No, no es la tentación. No es esa imagen de un diablo que tienta a los humanos con fama, gloria, dinero o felicidad. Tampoco Tomás Lipan es uno de esos músicos que necesita sumergirse en la leyenda de los cruces de caminos, esos lugares donde los contratos, los pactos con el diablo implican entregar el alma a cambio de la destreza musical. No. Es la versión del diablo del Norte Argentino, el que se entierra una vez al año en el final de los carnavales. Es él quien lo anda buscando a Lipan. No para cobrarle una deuda. Ni para tentarlo. Solo para preguntarle.

El diablo es, hacia el interior de la película, el que ocupa otro lugar –el del director, el del espectador, ambos igualados en esa situación-. Es quien quiere saber quién es Tomás Lipán, de dónde viene. Pero no es quien lo lleva: es el diablo el que lo sigue en el recorrido que implica cada respuesta a sus preguntas. Es Lipán quien lo arrastra a su territorio: lo saca de esa ensoñación que lo hace fluctuar entre la salina y la sala de teatro y lo lleva con él hasta lo que queda de la casa de su infancia, a los escenarios que lo reciben en Jujuy, a los carnavales en donde se mezcla con el pueblo. En esos espacios, Lipán canta. Sus canciones se presentan como si se tratara de conjuros que lanza al aire y que terminan por hacer bailar a su antagonista. Allí no hay disputa, es que el diablo quiere entender de qué se trata ser Tomás Lipán, y desde él, ser niño, ser cantor, ser amigo.

Una pregunta en el inicio, define el elemento que articula toda la película. Cuando el diablo le pregunta quién es, el protagonista se define de manera bifronte. De un lado está Tomás Ríos, el hombre sumiso y callado; del otro, Tomás Lipán, el que se sube a los escenarios, pícaro y querendón, como se define a sí mismo. A lo largo de la película, esos dos frentes irán alternándose. Uno aparecerá en los recuerdos de infancia, en la rememoración de los padres, en sus sueños de labrador, en el recuerdo de su hermano Domingo y en el dolor por la muerte de su hija y de su esposa. Es un hombre que, más que sumiso, se permite bordear la nostalgia y esquivar, al menos un poco, la tristeza de las pérdidas. El otro aparece cada vez que la música lo convoca, que su nombre suena en la voz de un presentador al micrófono, en cada instrumento que hace sonar en una sala o en medio de los cerros jujeños.

Lo que el diablo va descubriendo en Lipán es la forma en que la obra se constituye como parte de la herencia del lugar. Lipán retrata a su pueblo, no solamente en el modo en que dice haberlo descubierto en un concierto en Malasia. Sino porque su narrativa apela a personajes que poblaron su historia de vida. Si la música que adopta, plena de huaynos y carnavalitos, es la expresión popular de ese Norte, la lírica vuelve sobre la tierra, sobre el espacio que se habita.

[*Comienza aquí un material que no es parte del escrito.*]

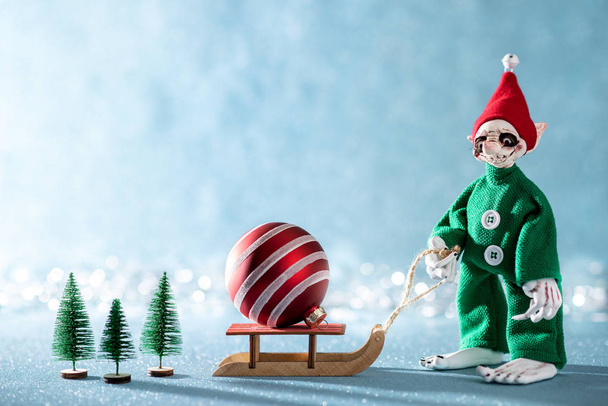 Roztomilý veselý Santas Helper Elf tahání Santovy saně s vánoční Bauble.North pólu vánoční Scene. Santas Workshop. Skřítek při práci.  - Fotografie, Obrázek
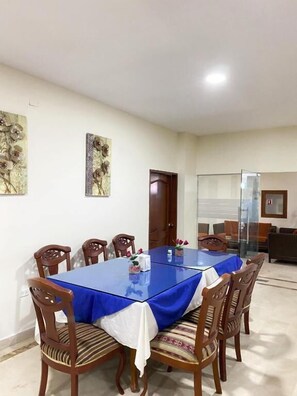 A dining area with a large table covered in blue, surrounded by wooden chairs with cushioned seats. There are two wall-mounted floral paintings above the table. - Hotel Continental Plaza (Barranquilla)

Y allí despunta otro frente doble: el de la música festiva que cuenta historias en las que no está ausente el dolor y la tristeza. Como ese momento en el que toca el acordeón en el funeral de Heriberto, Lipán se asume como continuidad no buscada aún en la muerte de la persona amada por un pueblo, como decantación lógica de la pertenencia a una cultura. Es como el propio Lipán define a los carnavales, a las músicas que toca, en los que conviven sentimientos encontrados. El músico que además se ve entre su tierra natal y la Buenos Aires que le permite llevar sus canciones a otros públicos. Es el que en el tramo final se afirma en la relación con ese Dios al que respeta –y al que rinde honor desde su música, entendiéndolo como una extensión de la relación con la Pachamama- y con ese Diablo que interactúa con él. No hay tragedia posible en ese encuentro. Lipán comprende al Diablo más allá de la construcción cristiana como representación del terror. Hay entre ellos, gestos de complicidad, que entienden que Dios y el Diablo son los dos lados en los que se mueve ese hombre. Rien juntos, se chucean mutuamente. Se tientan y en el final, el Diablo le propone irse juntos. De farra, dice, como si se tratara del compañero ideal para esos lances. Pero Lipán dice que no. Y aquí se queda, y con él, su música y la voz y la música de todo un pueblo.  

Lipán (Argentina, 2025). Dirección y guión: Gonzalo Calzada. Fotografía: Claudio Beiza. Edición: Federico Rozas. Duración: 105 minutos.